Une roche spatiale s’apprête à passer très près de la Terre. Si elle se révèle suffisamment massive pour détruire une ville, les simulations n’indiquent toutefois aucun risque d’impact avant au moins un siècle.
2026 JH2
Repéré il y a quelques jours par le Mount Lemmon Survey en Arizona et le Farpoint Observatory au Kansas, l’astéroïde 2026 JH2 file actuellement à travers le Système solaire à environ 9,17 kilomètres par seconde. Selon les données de l’Observatoire astronomique de Sormano, en Italie, son diamètre est compris entre 16 et 36 mètres.

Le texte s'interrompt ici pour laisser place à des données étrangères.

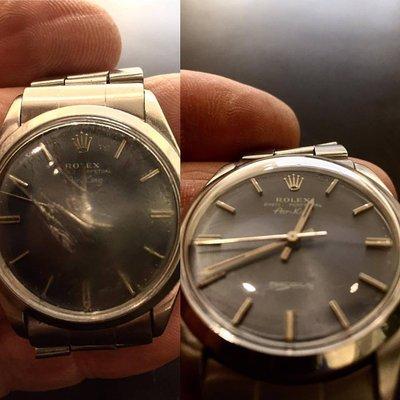 Rolex Air King, replacing the crystal.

« C’est typiquement le genre d’objet capable de détruire une grande ville en cas d’impact », illustre Mark Norris, de l’université du Lancashire.
Les simulations de sa trajectoire orbitale indiquent qu’il passera au plus près de notre planète le 18 mai. Autour de 21h38 UTC (23h38 heure française), il se trouvera à seulement 90 917 kilomètres de la Terre, soit un quart environ de la distance la séparant de la Lune. « À l’échelle astronomique, il s’agit d’un passage extrêmement rapproché », souligne Norris.
Asteroid 2026 JH2 to fly past Earth at 0.24 lunar distances https://t.co/f0lE7O9OJB
— The Watchers (@TheWatchers_) May 13, 2026
Au cours des douze prochains mois, un seul des cinq astéroïdes qui seront amenés à s’aventurer au-delà de l’orbite de notre satellite naturel devrait s’approcher davantage de notre planète que 2026 JH2. Ce dernier sera très brièvement visible dans le ciel de l’hémisphère nord, qu’il traversera à une vitesse légèrement supérieure à celle de l’ISS.
Suivi étroit
En raison des dégâts considérables qu’ils pourraient causer en cas d’impact, les astéroïdes d’un kilomètre de diamètre ou plus sont étroitement suivis par les astronomes.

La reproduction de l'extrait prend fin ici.